Count General Gustaf Wachtmeister (1757-1826)
This controversial figure began his military career after having gone through military school as an ensign at the Kronoberg regiment 1772, whereafter he was made lieutenant in the king's Värvade regiment. Thereafter Wachtmeister did some service in the Prussian army, where he participated in the War of the Bavarian Succession. After his return to Sweden, Wachtmeister steadily rose in military rank. In 1787 he married the countess Henrietta Elisabet Falkenberg.
In 1788 Gustaf Wachtmeister was Generaladjutant (Aide General) and served in the 1788-90 Russian war. At Walkiala in 1790, he was wounded in his right arm, while leading the rear guard, and was immediately raised to the rank of Major General. He even received praise from king Gustav III himself. The returning war hero then received his own regiment in Sweden, and during the first years of the reign of Gustav IV Adolf Wachtmeister participated in the government. He also held a command during the Pomeranian War against the French.

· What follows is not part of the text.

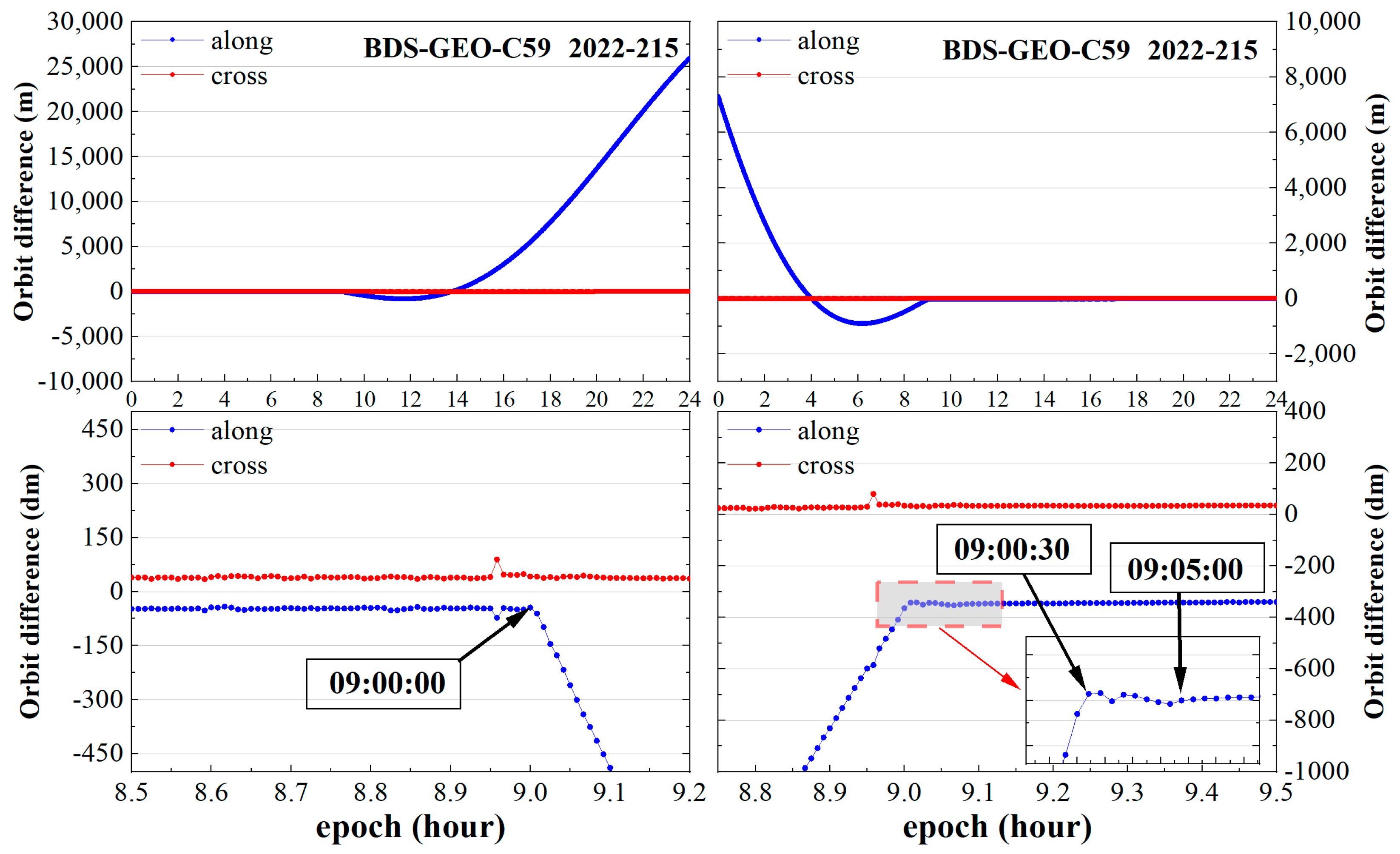 Remotesensing 15 02558 g006 Remotesensing 15 02558 g006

It was not until 1809 that Gustaf Wachtmeister was to go into history. Having been promoted to the full rank of general in July, he was given the command of the forces that were to be landed in the back of Kamenskij's Russian troops that were operating in Northern Sweden. The plan was well thought out. In cooperation with the Coastal Navy and the Northern Army under Fabian Wrede, Wachtmeister was landed at Ratan with a considerable force, actually the last operational regiments of the Swedish kingdom. Wachtmeister marched south after the landing, but stopped at Sävar. And there he was attacked by the Russians.

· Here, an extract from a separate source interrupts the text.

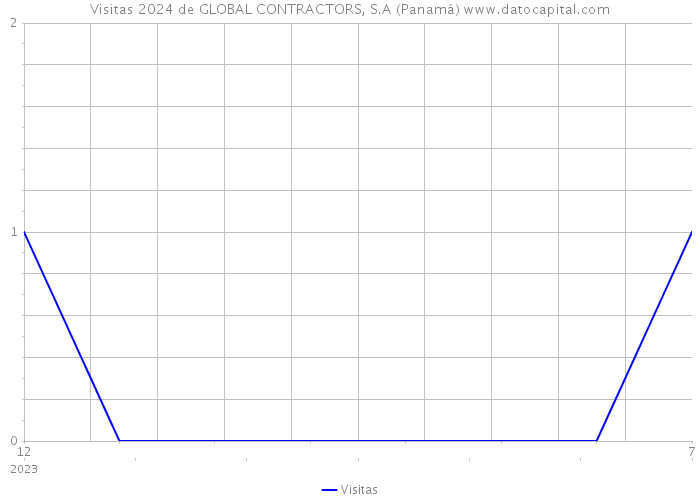 Visitas 2024 de GLOBAL CONTRACTORS, S.A (Panamá)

Sävar was a bitter defeat in August of 1809. Wachtmeister threw in his battalions, one after one, without giving them the advantage of developing a concentrated attack. Kamenskij used all his reserves though and a decisive attack by the Swedes could have broken the Russian army. This was not to happen though. Wachtmeister retreated back north, to Ratan, where his army was under the protection of the firepower of the Coastal Navy. The Swedish troops were evacuated on the ships some time after this. His careful leadership, on the brink of cowardly, has earned Wachtmeister a very bad reputation in history. His nickname after the defeat at Sävar was "duc d'Säfvar". After the war, Gustaf Wachtmeister retired from the army (1813) to his estates, where he died in 1826.
Wachtmeister's conduct at Sävar is still something of a historical mystery. Before Sävar, he had proven his bravery and experience in the war of 1788-90. The blame for the defeat at Sävar is probably the result of the errors of many people, but he became the scapegoat. In Swedish historywriting, he is still very much the "duc d'Säfvar".